3.2) Data Inserted to Only One Session.

When the same data item is updated, the session that is established first updates the data, whereas the session that is established later directly returns an error.

with w1 as(select ('x'||substr(md5('$id'),1,16))::bit(64)::bigint as tra_id),    
upsert as (update test set info=$info,crt_time=$crt_time from w1 where pg_try_advisory_xact_lock(tra_id) and id=$id returning *)
insert into test select $id,$info,$crt_time from w1
where pg_try_advisory_xact_lock(tra_id) and not exists (select 1 from upsert where id=$id);

Next, replace the variables and perform a test.

with w1 as(select ('x'||substr(md5('1'),1,16))::bit(64)::bigint as tra_id),    
upsert as (update test set info='test',crt_time=now() from w1 where pg_try_advisory_xact_lock(tra_id) and id=1 returning *)
insert into test select 1,'test',now() from w1
where pg_try_advisory_xact_lock(tra_id) and not exists (select 1 from upsert where id=1);

INSERT 0 0

test03=# select * from test;
id | info | crt_time
----+------------+----------------------------
2 | pu | 2017-04-24 15:28:20.37392
3 | hello | 2017-04-24 15:31:49.14291
4 | digoal0123 | 2017-04-24 15:42:50.912887
1 | test | 2017-04-24 15:44:44.245167
(4 rows)

4) Rule Method

PostgreSQL has supported Rule syntax for a long time. Create a rule with Rule syntax. If the rule exists, update it. Otherwise, insert it. However, when using the volatile function, do not directly use exists. Otherwise, it will be processed as an immutable function.

If it exists, do not insert it (ignore it).

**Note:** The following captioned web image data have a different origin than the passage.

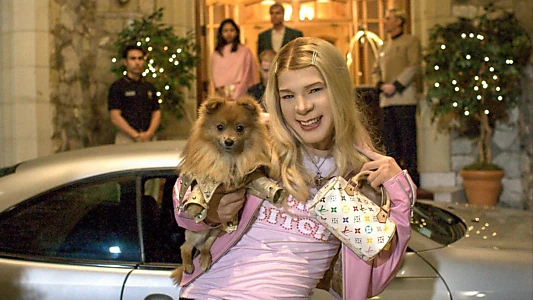 White Chicks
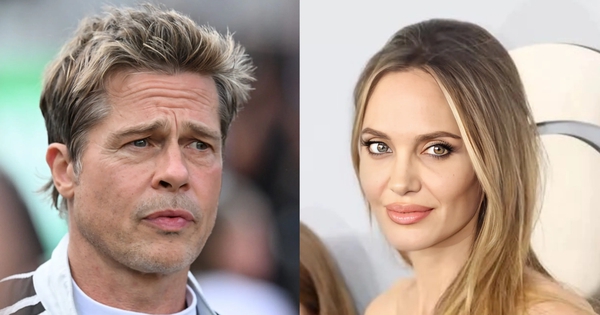 Brad Pitt quyết kiện Angelina Jolie tới cùng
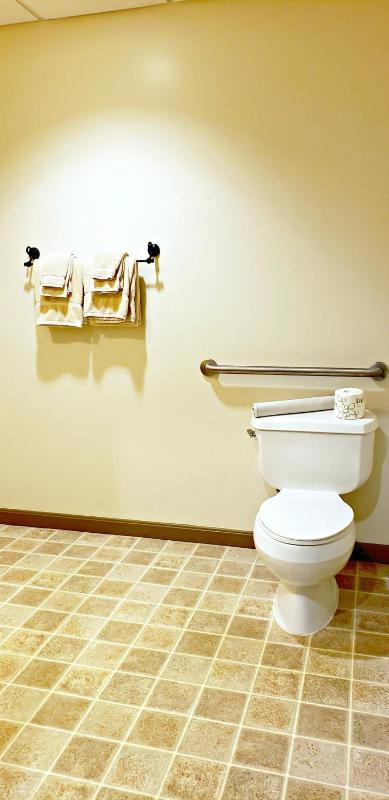 King Room - Disability Access image 2
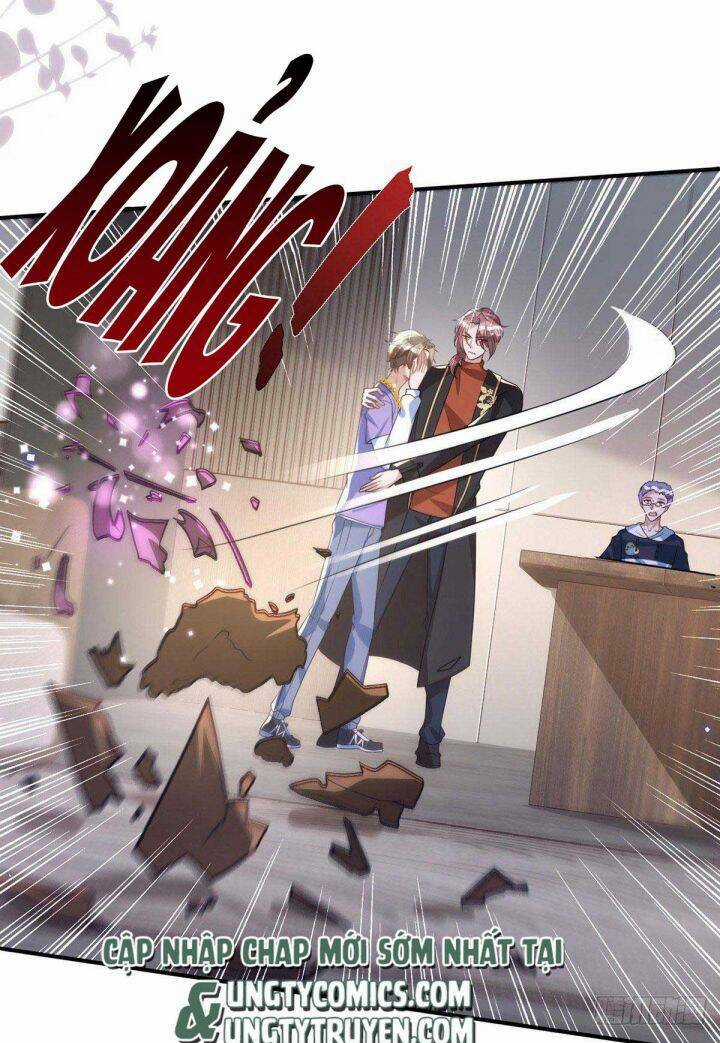 Thú Thụ Bất Thân - Chapter 119 - Trang 22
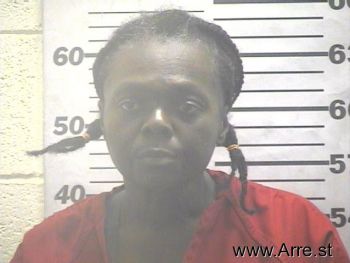 Karen  Cook Mugshot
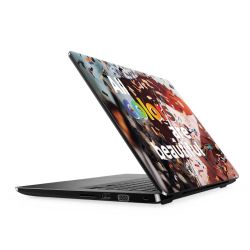 Folien für Laptops matt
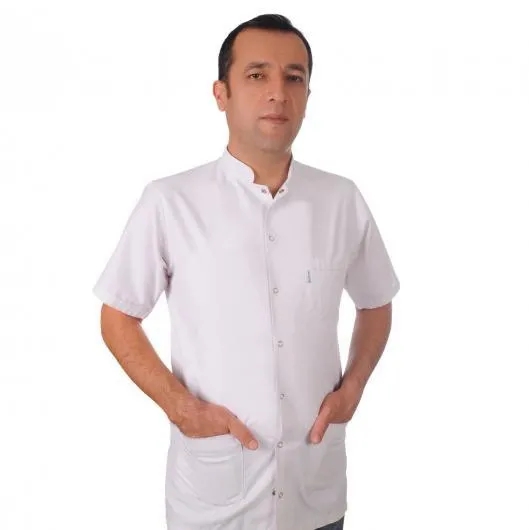 Uzm. Dr. Murat Yıldız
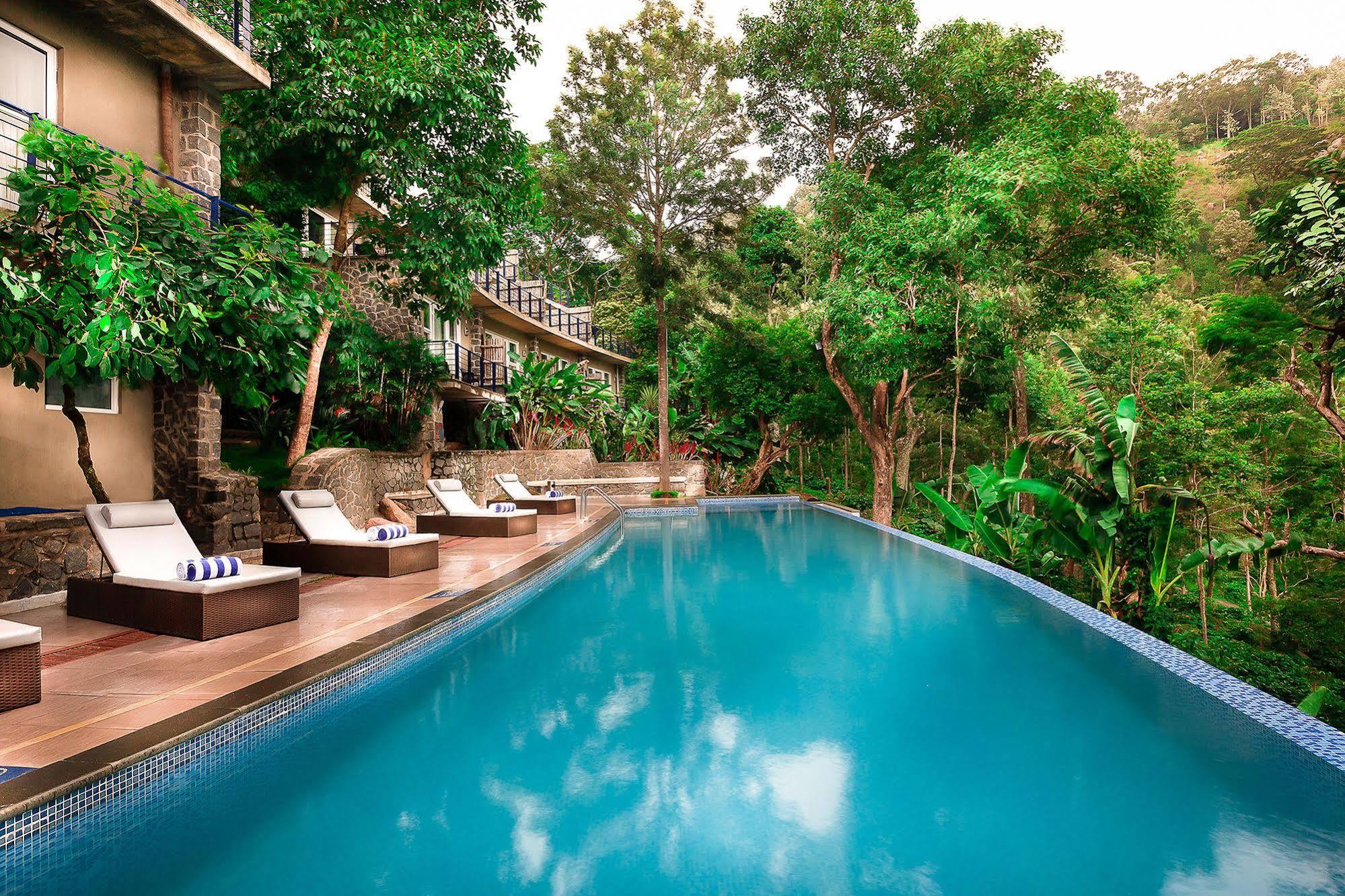 Resort Great Trails By Grt 4*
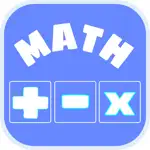 60sec Math problem solver Quiz App Contact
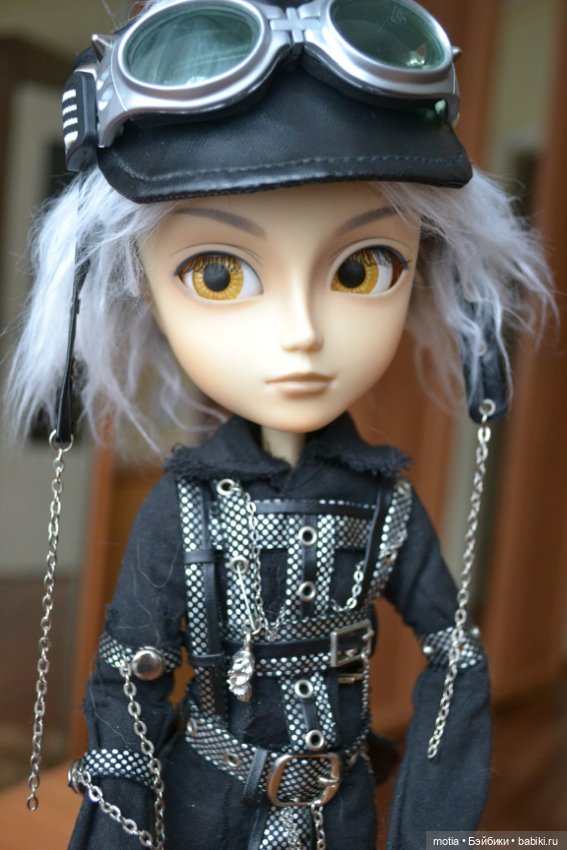 Такое вот везение в день моего рождения (фото 4)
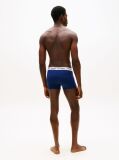 Multi 3-Pack Heritage Logo Waistband Trunks  Men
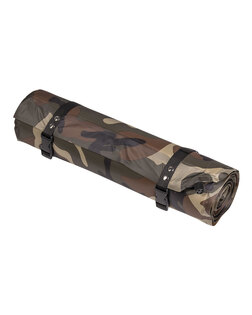 Samonafukovacia karimatka Mil-Tec® Thermo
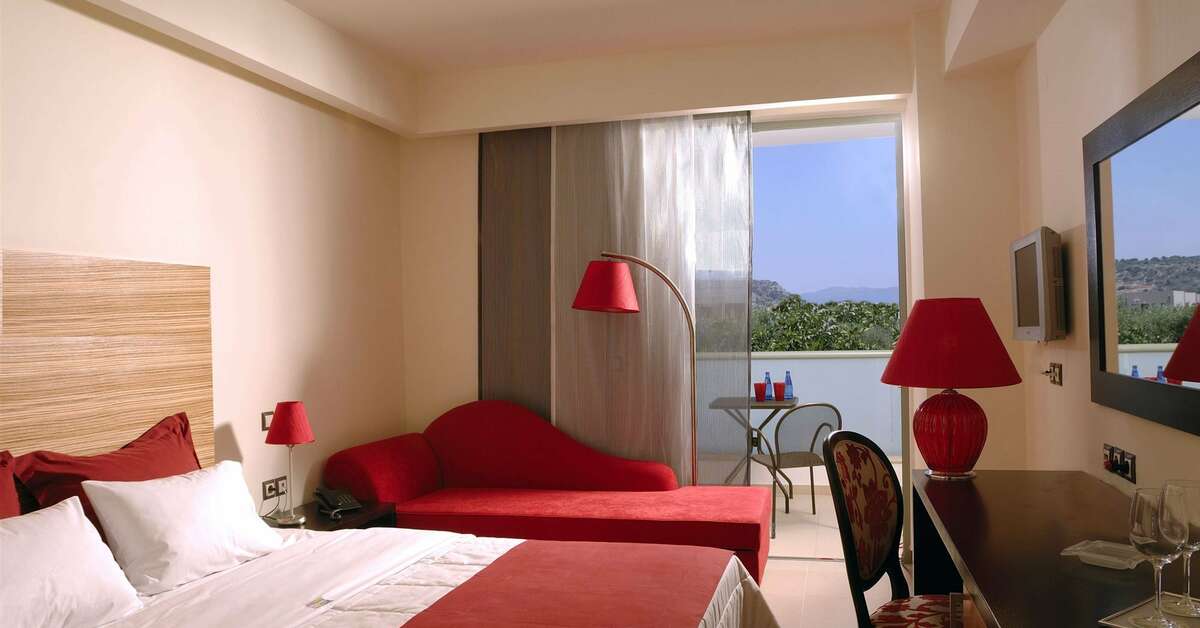 Ein Foto Angela Suites Boutique Hotel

Otherwise, update it.

Implement idempotent writing so no problems occur while writing during resumable uploads.

postgres=# create table e(id int primary key, info text);
CREATE TABLE

Execute the following code to create a volatile function.

CREATE OR REPLACE FUNCTION public.ff(integer)
RETURNS boolean
LANGUAGE sql
STRICT
volatile
AS $function$
select true from e where id=$1 limit 1;
$function$;

Create a rule as shown below.

postgres=# create rule r1 as on insert to e where ff(NEW.id) do instead update e set info=NEW.info where id=NEW.id;
CREATE RULE
postgres=# insert into e values (1,'test'),(1,'test');
INSERT 0 0
postgres=# insert into e values (2,'test'),(2,'test');
INSERT 0 1
postgres=# insert into e values (3,'test'),(3,'test');
INSERT 0 1
postgres=# truncate e;
TRUNCATE TABLE
postgres=# select * from b;
id | info
----+------
1 | a
1 | b
(2 rows)
postgres=# insert into e select * from b;
INSERT 0 1
postgres=# \d+ b
Table "public.b"
Column | Type | Collation | Nullable | Default | Storage | Stats target | Description
--------+---------+-----------+----------+---------+----------+--------------+-------------
id | integer | | | | plain | |
info | text | | | | extended | |

Implement performance stress testing as shown below.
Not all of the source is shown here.